For the third consecutive year, Wal-Mart workers and thousands of their community allies will participate in strikes and protests nationwide on Black Friday to demand higher wages, better working conditions, consistent scheduling and full-time work. In recent weeks, labor actions at the world's largest retailer have escalated. Wal-Mart workers at more than 2,100 stores nationwide signed a petition requesting that the company commit to paying its workers $15 an hour and provide them with "consistent, full-time hours." Wal-Mart workers in the Los Angeles area participated in the company's first-ever sit-down strikes. Outside the stores, their actions attracted the support of many community organizations, including teachers, environmental groups, clergy members and civil rights leaders.
Wal-Mart jobs have become synonymous with poverty wages and poor working conditions. The company's low-road business model means that a majority of its 1.3 million U.S. employees survive on less than $25,000 a year. According to The Wall Street Journal, on average, Wal-Mart cashiers are paid $8.48 an hour. Hundreds of thousands of Wal-Mart workers rely on food stamps, other public programs and food banks simply to get by, and American taxpayers pay $6.2 billion annually to subsidize Wal-Mart's poverty wages. Last month, Wal-Mart announced it was cutting health insurance for employees who work less than 30 hours a week. As Rep. George Miller (D-Calif.) said last week: "Wal-Mart's shoddy business model is singlehandedly wreaking havoc on American families ... and making it impossible for hundreds of thousands of workers to have a shot at the American Dream."
This year's Black Friday protests at Wal-Mart stores will likely be the largest in the 60-year history of the company, and last Wednesday's Global Day of Action, involving Wal-Mart workers in South America, Africa, Asia and Europe, demonstrates that the struggle for respect for labor rights at Wal-Mart is an international struggle involving workers on several continents.
The tide may be finally turning against billion-dollar corporations like Wal-Mart that provide substandard jobs and expect taxpayers to pick up the tab. As a result of escalating protests, international action and community support, workers are finally being heard concerning poverty wages, lack of hours and erratic scheduling, meager benefits, and dead-end jobs. Federal legislation such as the Schedules That Work Act, Fair Minimum Wage Act and Paycheck Fairness Act, and state legislation such as "bad boss acts" (which would require Wal-Mart to pay a fee for forcing employees onto taxpayer-supported programs) would help counteract some of the retail giant's worst practices. These bills would give Wal-Mart workers a much-needed pay raise, provide them with greater predictability and control over their scheduling, and make it easier for them to sue their employer for pay discrimination. However, none of the bills have any chance of passing the GOP Congress.

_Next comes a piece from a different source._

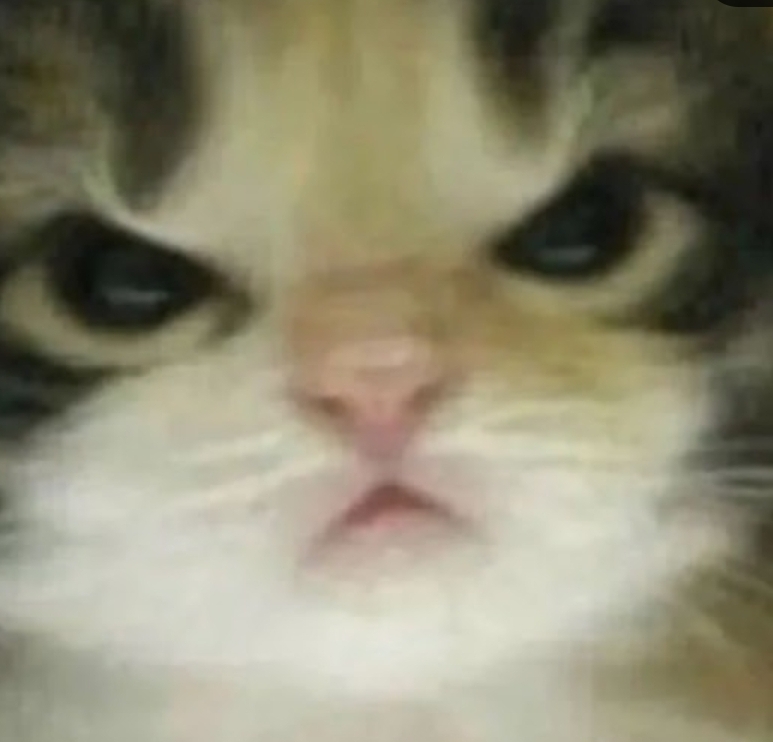 angrycatto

Moreover, Wal-Mart is not the only billion-dollar corporation to provide poverty wages and erratic schedules. McDonald's and several other major fast-food franchises do exactly the same, as do many other major retailers, such as Target, IKEA and Home Depot. In an effort to improve the lot of low-wage retail workers, San Francisco city supervisors will vote this week on a "retail workers bill of rights" that would provide workers with more hours, greater predictability in their scheduling and additional compensation for short-term employer changes in their schedules.
The San Francisco legislation would be an important step forward. But piecemeal improvements in liberal cities that don't have Wal-Mart stores will not be enough to protect the nation's growing army of low-wage retail workers who suffer from poverty wages and poor conditions. Ultimately, workers will only win respect at Wal-Mart and similar employers through a strong, independent voice at work — a union.
Logan is professor and director of labor and employment studies at San Francisco State University.